6.2. Богочеловечество и византизм

Соловьев исходит из того, что Христос — Возглавитель всей твари, Глава
Церкви и образец жизни по Евангелию, жизни с полной самоотдачей в
служении Богу и ближнему. Богочеловечества нет и не может быть без
Богочеловека — воплотившегося Слова. Оно охватывает всех, кто собирается
вокруг Христа и Евангелия, кто откликается на Божий призыв войти в Его
Церковь и послужить высшей правде. «Тайна вселенной, ее смысл и разум
есть Богочеловечество, т.е. совершенное соединение Божества с человеком,
а через него и со всей тварью» (1, т. I, с. 320). 

Догматическую истину о Воплощении Сына Соловьев поставил в центр своей
философии. Это не превратило ее в богословие, потому что богослов
ответственно берет на себя догматические обязательства перед Церковью и
принимает весь объем Откровения и церковного вероучения, а Соловьев
ограничился только его частью и привлек немало постороннего.
Ориентируясь на образованное российское общество, Соловьев обращался к
нему на свободном религиозно-философском языке как вселенски мыслящий
христианин. 

В главном Соловьев прав: в средоточии мировой истории действует
Богочеловек Христос. Это — вера древней Церкви, о которой нужно было
напомнить в сумрачном XIX в. Верность Богочеловеку стала нелегким
жизненным крестом В. Соловьева.
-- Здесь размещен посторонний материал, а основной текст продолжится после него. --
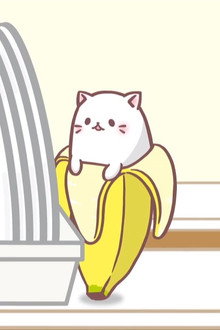 The Kitty Who Lives in a Banana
Она требовала от него приносить в жертву
ради Истины личные философские пристрастия и понятное желание ставить на
первое место ту боль, которую вызывали в его душе трудности
воцерковления в Православии. Боль своего сердца, сохранявшуюся все годы
его творческой работы, он однажды выразил так: 

«Современная религия есть вещь очень жалкая, — собственно говоря,
религии, как господствующего начала, как центра духовного тяготения, нет
совсем, а есть вместо этого так называемая религиозность, как личное
настроение, личный вкус…» (6, т. III, c. 4). Так он характеризовал
хорошо знакомое ему по личному опыту благочестие той части образованного
общества и аристократической элиты, которая еще считала себя
православной. Но распространял это также на народное благочестие и на
монашеский аскетизм. Монахов безжалостно критиковал за отрешенность от
мирского и за уклонение от социально активного служения. 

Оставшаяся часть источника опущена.